Problem to solve — Output the lines of the entries below beginning at the one with "26260 Etiquetas en" and ending with the last, exactly as written and without pictures.

Material for the task —
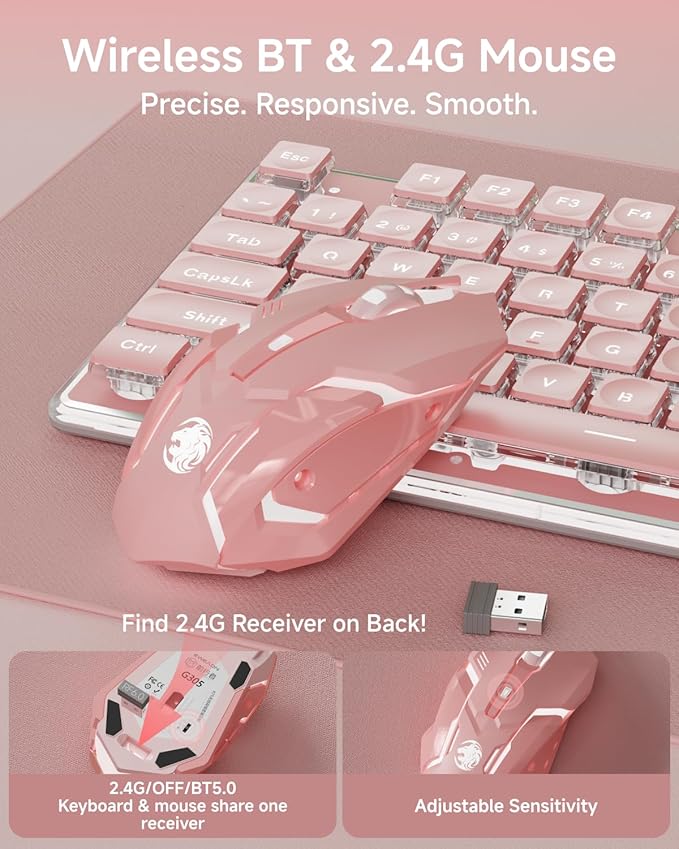V3 Wireless Keyboard and Mouse with Single Backlit, Metal Panel, Bluetooth/2.4G Rechargeable Computer Keyboard and Mouse Combo Silent Lighted Full Size Cute Keyboards-Pink-DeskLoop Office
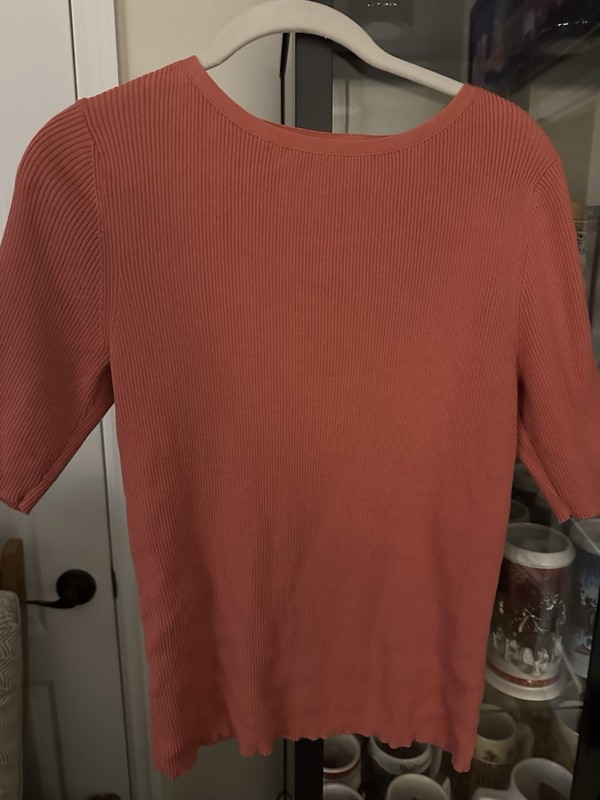 Ann Taylor Factory Womens Orange  Short Sleeve Blouse Top Size Large
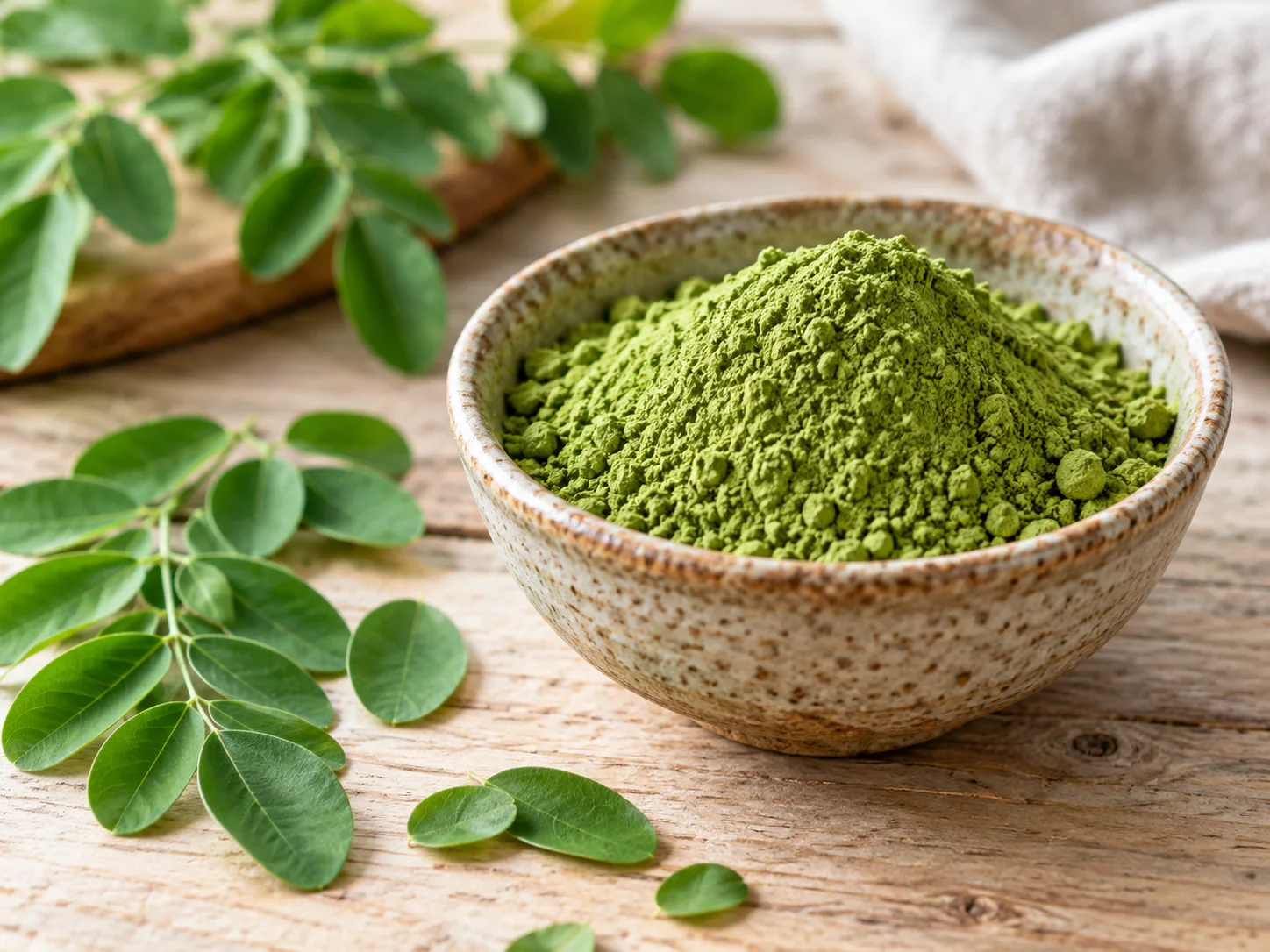 Ceramic bowl filled with moringa leaf powder surrounded by fresh green moringa leaves on a rustic wooden table.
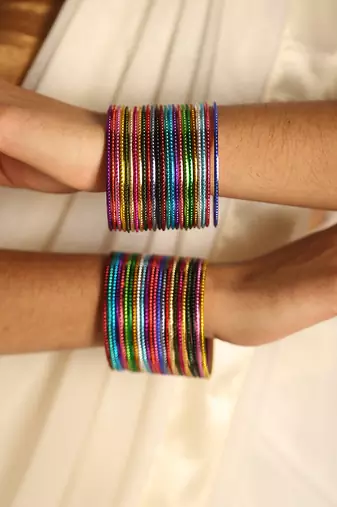 Multicolor metal bangle set for traditional & festive wear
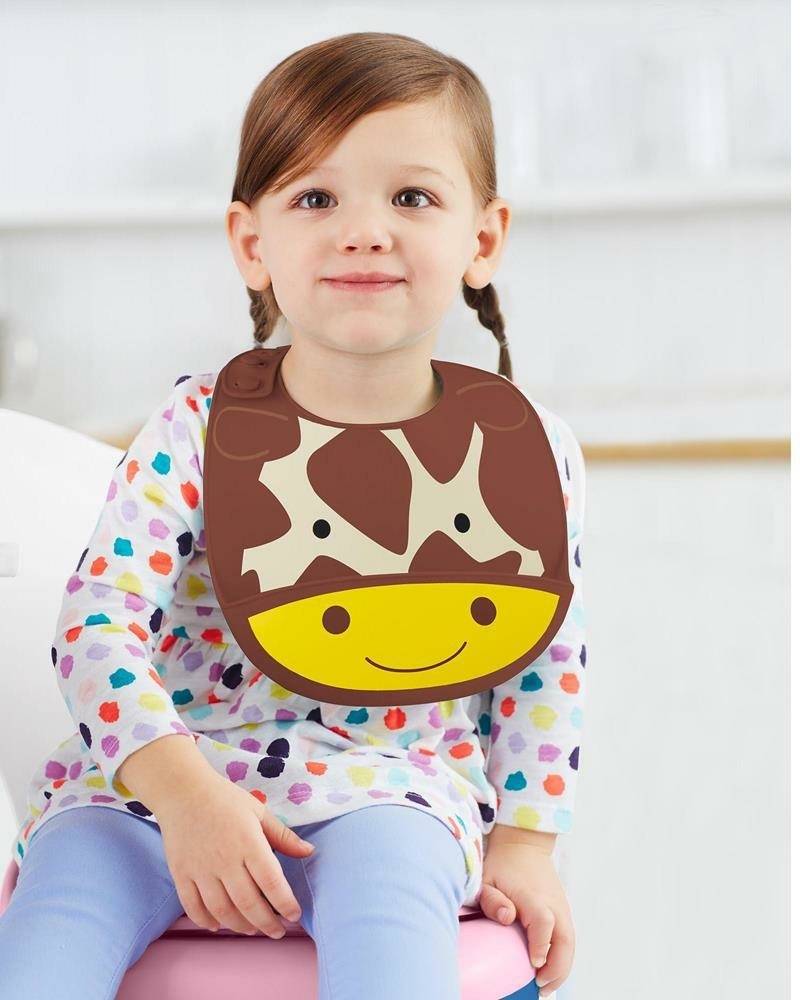 Zoo Fold & Go Silicone Bib Giraffe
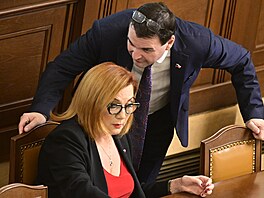 Ministr zahrani�í Petr Macinka a ministryn� financí Alena Schillerová na...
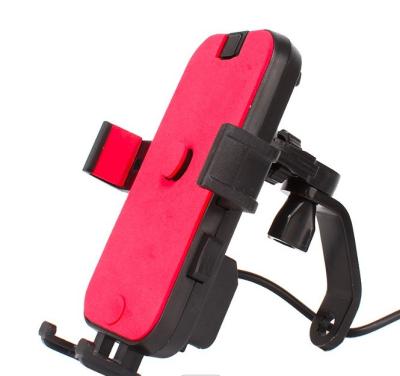 China ABS 5V 2.1A Iphone 11 Motorcycle Mount , Dual Usb Phone Stand For Motorcycle for sale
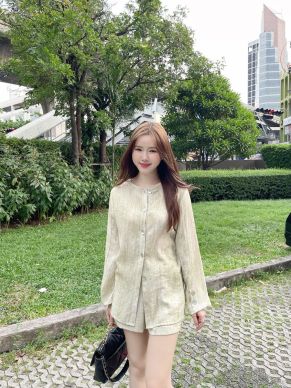 MATCHA OAT BLOUSE & SHORTS SET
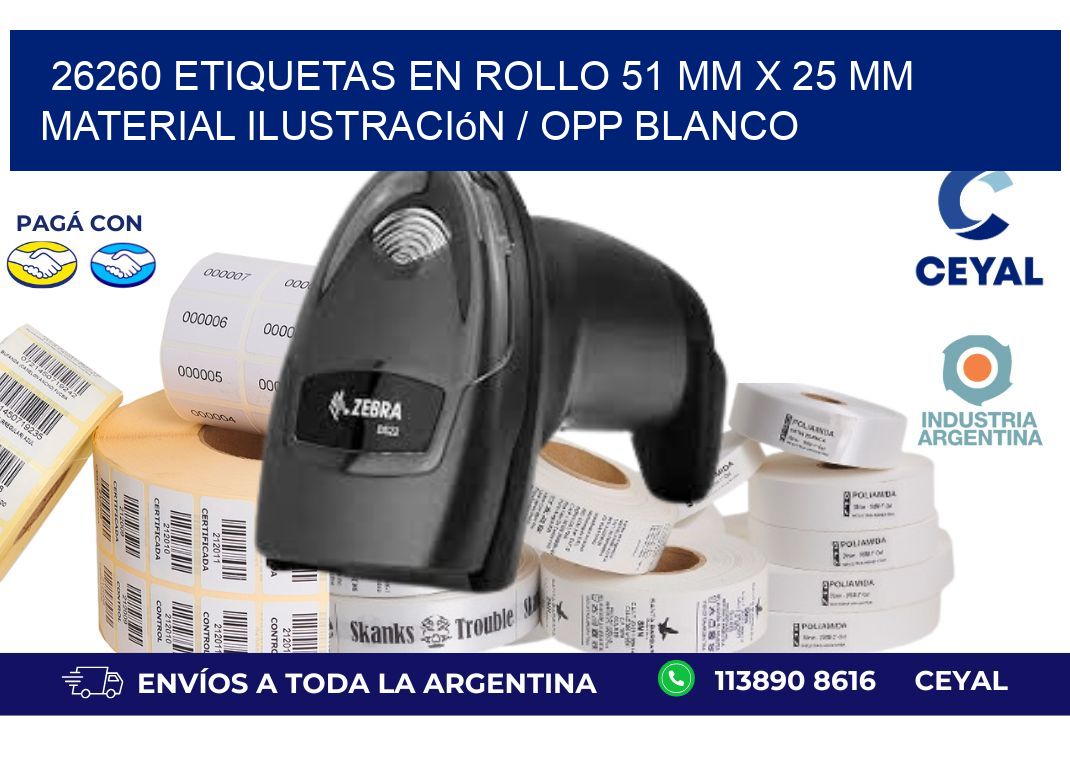 26260 Etiquetas en rollo 51 mm x 25 mm material Ilustración / OPP Blanco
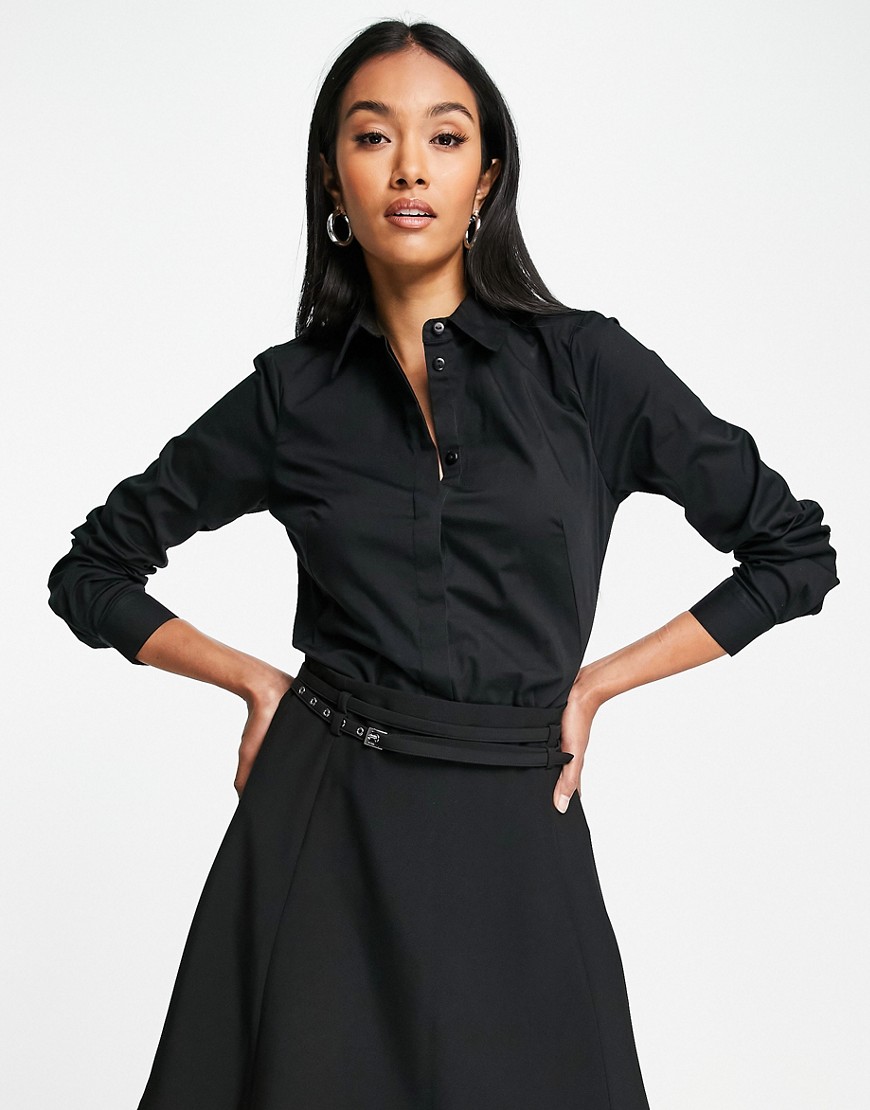ASOS DESIGN long sleeve fitted shirt in stretch cotton in black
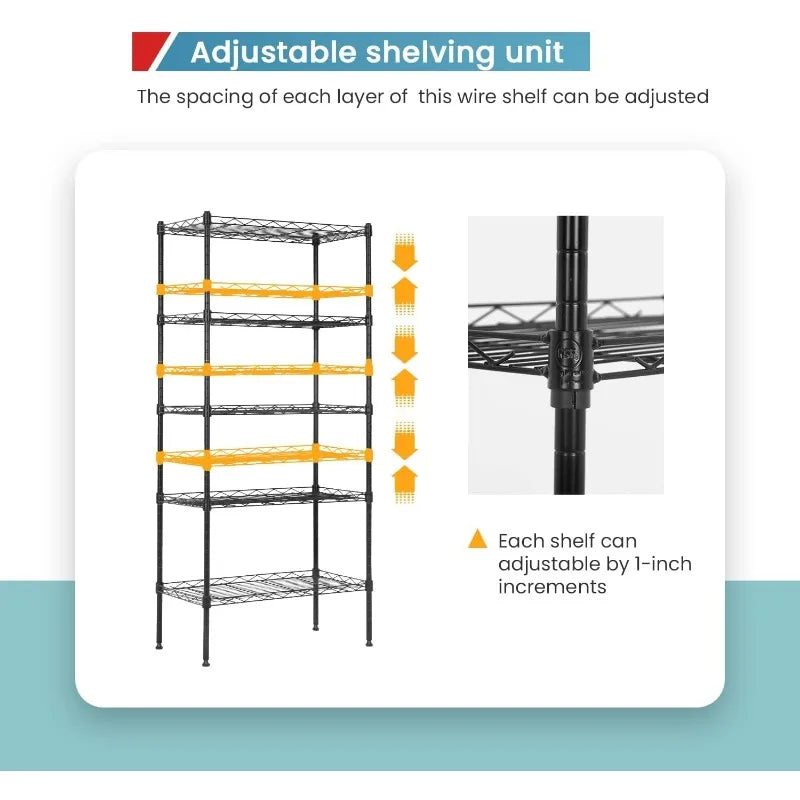 Storage Shelves 2100Lbs Capacity, 6-Shelf on Casters 48" L×18" W×72" H Commercial Wire Shelving Unit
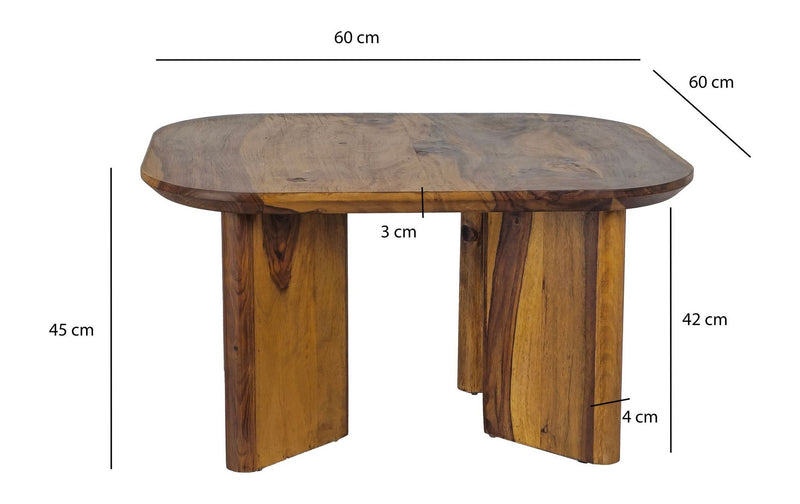 Couchtisch Sheesham Massivholz 60x60cm, quadratisch fürs Wohnzimmer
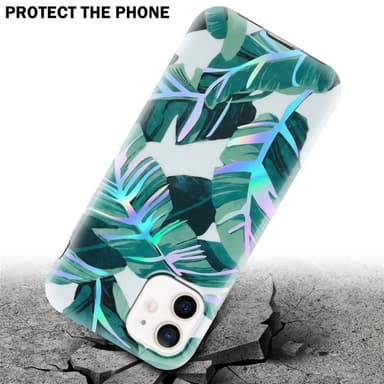 iPhone 12 / 12 PRO lommebokdeksel Blomster (hvit)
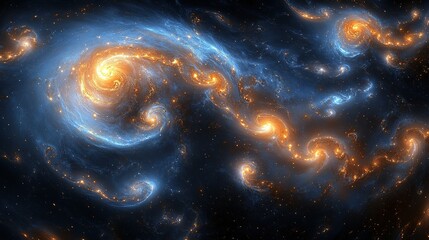 Majestic Spiral Galaxies in Deep Space, Illuminated by Cosmic Light, Artistic Rendering.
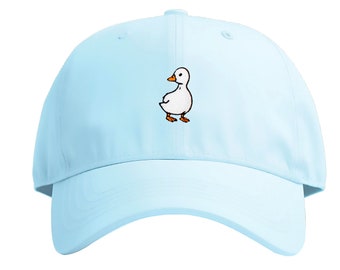 Cute Duck Embroidered Cotton Cap | Adjustable Strap | Multiple Colors | Pastel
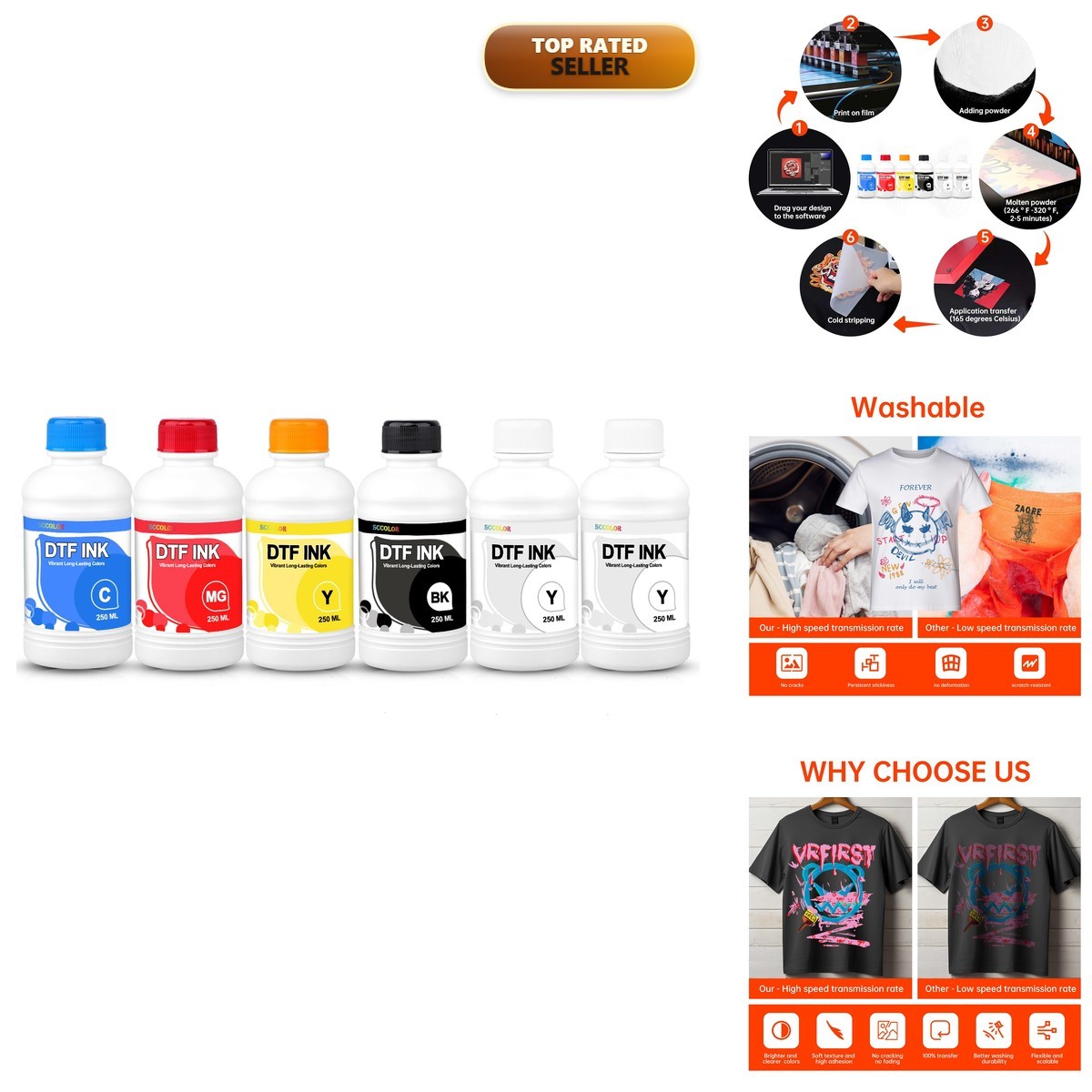 SPLENDIDCOLOR DTF INK Combo Pack 250ML for PET Film ET-8550 XP15000 L1800 DX5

Exercise output —
 26260 Etiquetas en rollo 51 mm x 25 mm material Ilustración / OPP Blanco
ASOS DESIGN long sleeve fitted shirt in stretch cotton in black
 Storage Shelves 2100Lbs Capacity, 6-Shelf on Casters 48" L×18" W×72" H Commercial Wire Shelving Unit
 Couchtisch Sheesham Massivholz 60x60cm, quadratisch fürs Wohnzimmer
 iPhone 12 / 12 PRO lommebokdeksel Blomster (hvit)
 Majestic Spiral Galaxies in Deep Space, Illuminated by Cosmic Light, Artistic Rendering.
 Cute Duck Embroidered Cotton Cap | Adjustable Strap | Multiple Colors | Pastel
 SPLENDIDCOLOR DTF INK Combo Pack 250ML for PET Film ET-8550 XP15000 L1800 DX5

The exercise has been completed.